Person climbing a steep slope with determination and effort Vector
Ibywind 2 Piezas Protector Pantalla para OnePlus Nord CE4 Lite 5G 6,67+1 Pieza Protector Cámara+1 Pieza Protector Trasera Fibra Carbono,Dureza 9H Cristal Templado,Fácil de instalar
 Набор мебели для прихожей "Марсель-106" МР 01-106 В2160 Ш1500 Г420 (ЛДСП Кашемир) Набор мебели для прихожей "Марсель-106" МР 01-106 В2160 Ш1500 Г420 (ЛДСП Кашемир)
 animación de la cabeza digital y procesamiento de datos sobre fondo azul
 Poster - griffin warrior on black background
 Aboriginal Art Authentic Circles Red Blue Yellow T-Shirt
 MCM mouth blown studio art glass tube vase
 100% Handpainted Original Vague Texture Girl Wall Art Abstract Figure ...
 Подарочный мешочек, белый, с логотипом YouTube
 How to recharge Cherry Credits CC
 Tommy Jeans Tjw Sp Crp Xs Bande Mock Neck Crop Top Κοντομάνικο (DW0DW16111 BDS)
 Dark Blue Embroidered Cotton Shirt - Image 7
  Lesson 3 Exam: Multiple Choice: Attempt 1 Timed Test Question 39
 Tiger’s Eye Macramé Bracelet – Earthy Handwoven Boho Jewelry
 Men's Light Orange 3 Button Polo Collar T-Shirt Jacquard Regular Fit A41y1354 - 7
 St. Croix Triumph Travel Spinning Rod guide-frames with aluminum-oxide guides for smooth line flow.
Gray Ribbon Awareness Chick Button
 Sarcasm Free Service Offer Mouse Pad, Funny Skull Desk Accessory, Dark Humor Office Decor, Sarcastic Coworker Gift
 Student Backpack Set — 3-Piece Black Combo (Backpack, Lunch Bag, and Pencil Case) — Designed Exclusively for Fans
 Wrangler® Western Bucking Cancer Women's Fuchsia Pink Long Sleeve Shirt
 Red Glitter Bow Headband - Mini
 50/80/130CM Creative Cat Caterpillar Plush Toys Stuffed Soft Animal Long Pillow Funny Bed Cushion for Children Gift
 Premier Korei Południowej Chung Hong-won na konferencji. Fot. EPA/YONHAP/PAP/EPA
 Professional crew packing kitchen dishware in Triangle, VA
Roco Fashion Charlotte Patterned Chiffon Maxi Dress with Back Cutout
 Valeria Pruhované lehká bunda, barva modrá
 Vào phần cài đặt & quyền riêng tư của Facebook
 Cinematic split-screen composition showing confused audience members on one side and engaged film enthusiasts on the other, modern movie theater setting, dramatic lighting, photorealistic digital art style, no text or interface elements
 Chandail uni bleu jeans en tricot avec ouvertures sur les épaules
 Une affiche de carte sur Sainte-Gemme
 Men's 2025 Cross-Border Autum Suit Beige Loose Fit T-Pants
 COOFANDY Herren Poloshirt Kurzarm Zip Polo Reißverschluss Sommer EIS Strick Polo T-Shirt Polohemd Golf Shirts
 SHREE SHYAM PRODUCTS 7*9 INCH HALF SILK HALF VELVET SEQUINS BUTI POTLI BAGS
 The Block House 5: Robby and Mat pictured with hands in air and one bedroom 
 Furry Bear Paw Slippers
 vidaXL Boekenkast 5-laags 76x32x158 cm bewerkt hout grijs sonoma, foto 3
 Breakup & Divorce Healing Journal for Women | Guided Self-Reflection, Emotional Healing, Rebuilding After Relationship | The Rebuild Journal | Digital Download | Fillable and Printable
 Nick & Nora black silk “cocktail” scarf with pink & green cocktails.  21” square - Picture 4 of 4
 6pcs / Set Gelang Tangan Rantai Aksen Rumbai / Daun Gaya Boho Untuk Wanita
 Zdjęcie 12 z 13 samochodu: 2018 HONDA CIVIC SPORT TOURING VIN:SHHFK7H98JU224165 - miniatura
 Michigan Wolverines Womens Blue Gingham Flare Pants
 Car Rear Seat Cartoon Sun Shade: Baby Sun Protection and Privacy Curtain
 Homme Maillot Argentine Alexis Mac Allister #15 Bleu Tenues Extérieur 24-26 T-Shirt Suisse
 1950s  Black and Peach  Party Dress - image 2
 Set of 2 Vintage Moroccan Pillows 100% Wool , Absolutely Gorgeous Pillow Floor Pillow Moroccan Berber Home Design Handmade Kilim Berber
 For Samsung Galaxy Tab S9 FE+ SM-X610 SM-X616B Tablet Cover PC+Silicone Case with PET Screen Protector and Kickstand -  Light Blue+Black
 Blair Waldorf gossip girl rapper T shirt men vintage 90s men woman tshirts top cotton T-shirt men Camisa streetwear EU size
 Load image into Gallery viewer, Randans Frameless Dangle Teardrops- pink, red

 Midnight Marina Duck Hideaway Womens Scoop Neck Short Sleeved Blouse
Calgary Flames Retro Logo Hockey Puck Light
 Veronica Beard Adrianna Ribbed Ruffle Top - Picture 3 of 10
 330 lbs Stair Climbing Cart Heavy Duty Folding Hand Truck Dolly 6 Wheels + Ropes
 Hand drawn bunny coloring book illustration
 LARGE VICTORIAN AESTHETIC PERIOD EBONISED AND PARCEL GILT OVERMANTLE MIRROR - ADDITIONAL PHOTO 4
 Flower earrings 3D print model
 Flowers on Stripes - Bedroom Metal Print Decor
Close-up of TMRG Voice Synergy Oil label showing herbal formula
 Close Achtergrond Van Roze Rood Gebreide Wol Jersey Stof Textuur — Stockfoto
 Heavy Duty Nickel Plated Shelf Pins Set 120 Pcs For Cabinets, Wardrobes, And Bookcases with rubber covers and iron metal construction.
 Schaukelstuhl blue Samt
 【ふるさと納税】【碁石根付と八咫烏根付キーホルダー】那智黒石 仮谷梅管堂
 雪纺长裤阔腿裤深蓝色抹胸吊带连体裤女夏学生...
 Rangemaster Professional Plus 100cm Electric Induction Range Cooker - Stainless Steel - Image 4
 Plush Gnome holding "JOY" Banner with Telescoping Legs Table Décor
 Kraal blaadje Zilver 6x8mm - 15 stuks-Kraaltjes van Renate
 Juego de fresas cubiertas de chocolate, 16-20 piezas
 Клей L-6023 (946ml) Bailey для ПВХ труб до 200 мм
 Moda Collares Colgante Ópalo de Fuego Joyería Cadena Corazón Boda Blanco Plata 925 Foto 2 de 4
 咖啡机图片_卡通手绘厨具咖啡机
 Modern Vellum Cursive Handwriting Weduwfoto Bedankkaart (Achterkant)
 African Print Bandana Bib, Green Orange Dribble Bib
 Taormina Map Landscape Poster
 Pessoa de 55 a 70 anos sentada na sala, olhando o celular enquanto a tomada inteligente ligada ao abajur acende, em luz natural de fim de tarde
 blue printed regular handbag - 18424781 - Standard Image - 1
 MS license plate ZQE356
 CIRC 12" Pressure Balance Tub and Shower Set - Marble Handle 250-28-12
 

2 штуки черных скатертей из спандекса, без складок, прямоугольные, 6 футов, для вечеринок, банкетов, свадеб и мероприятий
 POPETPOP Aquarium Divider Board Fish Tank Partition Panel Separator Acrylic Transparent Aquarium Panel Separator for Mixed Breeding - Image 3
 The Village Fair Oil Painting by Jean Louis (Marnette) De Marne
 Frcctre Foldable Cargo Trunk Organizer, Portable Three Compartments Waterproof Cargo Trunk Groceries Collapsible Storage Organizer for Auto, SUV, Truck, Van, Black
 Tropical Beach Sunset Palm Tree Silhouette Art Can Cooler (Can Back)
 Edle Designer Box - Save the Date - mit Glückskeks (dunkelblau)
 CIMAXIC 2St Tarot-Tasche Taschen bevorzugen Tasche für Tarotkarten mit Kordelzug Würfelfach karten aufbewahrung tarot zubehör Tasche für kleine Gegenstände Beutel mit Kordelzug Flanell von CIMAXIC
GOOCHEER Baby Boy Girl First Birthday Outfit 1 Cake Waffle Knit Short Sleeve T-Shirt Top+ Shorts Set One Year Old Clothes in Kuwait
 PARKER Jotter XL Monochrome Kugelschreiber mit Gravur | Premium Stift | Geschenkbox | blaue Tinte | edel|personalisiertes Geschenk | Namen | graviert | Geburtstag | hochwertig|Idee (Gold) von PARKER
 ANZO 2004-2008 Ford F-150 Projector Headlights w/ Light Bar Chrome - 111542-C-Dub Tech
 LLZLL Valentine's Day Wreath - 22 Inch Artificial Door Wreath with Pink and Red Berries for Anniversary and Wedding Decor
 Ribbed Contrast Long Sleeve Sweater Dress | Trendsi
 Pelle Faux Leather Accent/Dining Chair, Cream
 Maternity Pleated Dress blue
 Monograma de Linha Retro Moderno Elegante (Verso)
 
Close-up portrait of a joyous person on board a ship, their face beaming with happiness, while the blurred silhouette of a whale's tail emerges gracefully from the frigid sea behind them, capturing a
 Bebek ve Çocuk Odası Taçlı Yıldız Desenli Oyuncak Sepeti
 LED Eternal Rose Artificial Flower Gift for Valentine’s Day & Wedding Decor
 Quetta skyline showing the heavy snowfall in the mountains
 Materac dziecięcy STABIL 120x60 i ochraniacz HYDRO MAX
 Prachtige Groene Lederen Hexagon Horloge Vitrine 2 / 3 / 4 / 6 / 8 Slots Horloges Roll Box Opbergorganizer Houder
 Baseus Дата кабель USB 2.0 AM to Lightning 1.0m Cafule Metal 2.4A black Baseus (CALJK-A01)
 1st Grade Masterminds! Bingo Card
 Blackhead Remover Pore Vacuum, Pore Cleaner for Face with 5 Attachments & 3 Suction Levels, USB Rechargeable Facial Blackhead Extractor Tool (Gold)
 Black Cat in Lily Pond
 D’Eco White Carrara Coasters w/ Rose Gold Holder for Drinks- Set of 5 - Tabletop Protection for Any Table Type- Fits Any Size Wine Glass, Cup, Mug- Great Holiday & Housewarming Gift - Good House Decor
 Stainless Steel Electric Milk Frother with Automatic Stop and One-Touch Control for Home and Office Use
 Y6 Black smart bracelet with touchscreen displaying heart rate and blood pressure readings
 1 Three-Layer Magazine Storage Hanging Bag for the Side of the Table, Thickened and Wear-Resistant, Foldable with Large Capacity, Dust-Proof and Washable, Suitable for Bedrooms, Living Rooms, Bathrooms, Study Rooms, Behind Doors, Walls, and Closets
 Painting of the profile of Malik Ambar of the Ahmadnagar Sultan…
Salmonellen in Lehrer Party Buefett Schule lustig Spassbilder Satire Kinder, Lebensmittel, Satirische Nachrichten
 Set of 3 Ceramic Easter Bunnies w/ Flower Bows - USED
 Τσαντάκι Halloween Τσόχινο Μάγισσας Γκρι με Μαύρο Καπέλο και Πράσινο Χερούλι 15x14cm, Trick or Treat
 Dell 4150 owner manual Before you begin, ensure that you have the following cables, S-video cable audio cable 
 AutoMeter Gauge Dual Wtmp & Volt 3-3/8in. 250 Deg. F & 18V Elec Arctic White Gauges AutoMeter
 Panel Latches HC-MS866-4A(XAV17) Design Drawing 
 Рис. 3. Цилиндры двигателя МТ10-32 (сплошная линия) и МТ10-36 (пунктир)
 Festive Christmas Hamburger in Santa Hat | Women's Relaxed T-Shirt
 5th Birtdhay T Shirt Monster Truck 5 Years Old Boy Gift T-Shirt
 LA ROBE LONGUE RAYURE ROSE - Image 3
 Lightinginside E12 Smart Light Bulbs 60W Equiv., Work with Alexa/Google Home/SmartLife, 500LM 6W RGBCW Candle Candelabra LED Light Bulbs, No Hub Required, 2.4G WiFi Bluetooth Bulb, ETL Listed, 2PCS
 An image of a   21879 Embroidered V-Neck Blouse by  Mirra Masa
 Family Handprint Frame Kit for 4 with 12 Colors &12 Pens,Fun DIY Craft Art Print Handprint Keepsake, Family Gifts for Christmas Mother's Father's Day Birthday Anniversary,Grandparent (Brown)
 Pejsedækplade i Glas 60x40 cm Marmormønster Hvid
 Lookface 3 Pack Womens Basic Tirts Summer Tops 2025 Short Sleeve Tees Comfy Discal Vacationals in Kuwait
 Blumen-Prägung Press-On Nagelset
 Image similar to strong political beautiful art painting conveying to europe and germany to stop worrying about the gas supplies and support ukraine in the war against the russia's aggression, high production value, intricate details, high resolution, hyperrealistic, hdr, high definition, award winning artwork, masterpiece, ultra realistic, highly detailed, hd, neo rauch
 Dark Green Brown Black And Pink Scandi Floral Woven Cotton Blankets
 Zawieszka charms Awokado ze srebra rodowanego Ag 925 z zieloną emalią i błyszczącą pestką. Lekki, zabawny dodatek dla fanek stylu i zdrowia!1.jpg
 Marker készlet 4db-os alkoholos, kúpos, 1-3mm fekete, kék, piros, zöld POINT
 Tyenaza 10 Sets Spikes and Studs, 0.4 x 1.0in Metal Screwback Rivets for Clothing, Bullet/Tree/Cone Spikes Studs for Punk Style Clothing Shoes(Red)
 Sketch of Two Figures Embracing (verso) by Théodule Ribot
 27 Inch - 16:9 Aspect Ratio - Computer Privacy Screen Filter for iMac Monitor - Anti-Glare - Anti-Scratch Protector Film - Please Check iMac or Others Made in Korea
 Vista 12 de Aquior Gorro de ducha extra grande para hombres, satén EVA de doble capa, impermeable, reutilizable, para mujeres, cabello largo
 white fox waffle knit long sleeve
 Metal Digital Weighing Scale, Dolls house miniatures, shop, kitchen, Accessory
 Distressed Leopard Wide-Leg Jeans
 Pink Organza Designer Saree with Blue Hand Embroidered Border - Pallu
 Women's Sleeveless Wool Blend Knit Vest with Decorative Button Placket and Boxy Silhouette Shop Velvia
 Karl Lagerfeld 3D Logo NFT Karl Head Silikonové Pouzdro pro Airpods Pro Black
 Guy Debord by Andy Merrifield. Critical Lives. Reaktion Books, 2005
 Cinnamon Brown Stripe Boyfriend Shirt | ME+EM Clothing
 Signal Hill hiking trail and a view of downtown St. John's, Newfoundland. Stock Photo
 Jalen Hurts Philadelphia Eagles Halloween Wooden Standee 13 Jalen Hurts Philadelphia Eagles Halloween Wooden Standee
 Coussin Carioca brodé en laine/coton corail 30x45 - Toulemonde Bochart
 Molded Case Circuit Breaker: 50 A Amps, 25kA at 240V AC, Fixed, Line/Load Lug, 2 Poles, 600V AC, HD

**Problem to work on:** Count the lines in these records that hold the string "Electric". Only the number is wanted.

**Answer to this problem:** 2